Where is a good place 2 find ALL the morphs? thanks


----------



## Pumilo (Sep 4, 2010)

dragonkeeper said:


> I'll search it then. I was only wondering cus i have only seen about 5 morphs and they seem to have a lot of color potential.


5 morphs?? There's like a million! Dendrobates tinctorius morphguide With so many great natural morphs to choose from why create unnatural morphs?


----------



## Dendrobatid (May 6, 2010)

That is not cross-breeding. They are not domestic dogs, they are not different breeds. I'm not proposed to mixing different locales, but they are not different breeds. IMO

Jim


----------



## Pumilo (Sep 4, 2010)

OK, maybe not a million, but quite a few on the link I cited. Watch out, there are a few on that list that are stated to be unnatural crosses.


----------



## Pumilo (Sep 4, 2010)

Dendrobatid said:


> That is not cross-breeding. They are not domestic dogs, they are not different breeds. I'm not proposed to mixing different locales, but they are not different breeds. IMO
> 
> Jim


True, not a crossbreed, but still an unnatural morph that the vast majority of the dart frog hobby prefers to avoid.


----------



## dragonkeeper (Mar 24, 2011)

Thanks man. I've had mine 2 yrs was looking for more but kept finding the same ones over and over


----------



## HunterB (Apr 28, 2009)

just to correct to my own mistake, earlier I typed "search fixing"
obviously i ment "search mixing" oops


----------



## Jeff R (Jul 1, 2005)

I think there should be a behavior management group that focuses on teaching froggers how to appropriately respond to this question. A therapeutic approach that focuses on deep breathing and uses role play as a learning tool. 

Of course no body was out of line in how they responded this time. All ears kind of perked up and every body went "sshhh don't upset the super opinionated".


----------



## dmartin72 (Oct 27, 2004)

I agree! I was trying to find many of Ed's educational statements on the subject.



Jeff R said:


> I think there should be a behavior management group that focuses on teaching froggers how to appropriately respond to this question.
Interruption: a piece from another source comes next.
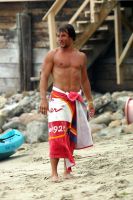 Filename=Matthew_McConaughey_2007(1).jpgFilesize=131KiBDimensions=1069x1605Date added=Oct 26, 2007 Matthew_McConaughey_2007(1).jpg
A therapeutic approach that focuses on deep breathing and uses role play as a learning tool.
> 
> Of course no body was out of line in how they responded this time. All ears kind of perked up and every body went "sshhh don't upset the super opinionated".


----------



## tim13 (Feb 1, 2011)

Mixing morphs could/would eventually lead to a total loss of natural morphs in the hobby. If you get frogs being shifted around with non-pure genetics, eventually we could lose all the natural genetics we have. We are trying to avoid "designer" morphs. Look at whats been done in the snake hobby. Yes, they breed some interesting snakes, but you cant find a snake with natural genetics in it anymore. There are so many kinds of darts with all sorts of colors that it's not necessary to crossbreed morphs/species to create a desirable or "pretty" morph. It would be so easy to just go around breeding frogs with whatever else they will breed with. By trying to keep the lineages pure, it's more of a challenge and worthwhile. Try to relish the challenge it presents to keep the lineages going strong. Lots of people came before you (and me!) that kept those lines going strong so you could have those different tincs you have.


----------



## fleshfrombone (Jun 15, 2008)

I want to thank the community for answering these questions so I don't have an aneurysm.


----------



## Pumilo (Sep 4, 2010)

Flesh, you crack me up!!


----------



## SmackoftheGods (Jan 28, 2009)

Dendrobatid said:


> That is not cross-breeding. They are not domestic dogs, they are not different breeds. I'm not proposed to mixing different locales, but they are not different breeds. IMO
> 
> Jim


Actually, they _are_ crossbreeds.... Technically they're called outcrossed, but the analogy is next to perfect. There are tons of natural morphs of tinctorius, and they're all technically the same species, but natural morphs come from isolated populations in the wild. They are different colors, different sizes, some of them have slightly different personalities, some are shier/bolder.... Similarly, different (pure) breeds of dogs are kept isolated from one another, they are different sizes, shapes, colors, hair length, but they're all Canis familiaris.... You can't approach breeds of dogs as species of dogs, they're just not the same....


----------



## Woodsman (Jan 3, 2008)

This comment creates a dogma without any rationale. The OP is asking a question. Even though the topic has been covered before, it would have been better to explain your postion, rather than just add an exclamation point to a dogmatic sentence.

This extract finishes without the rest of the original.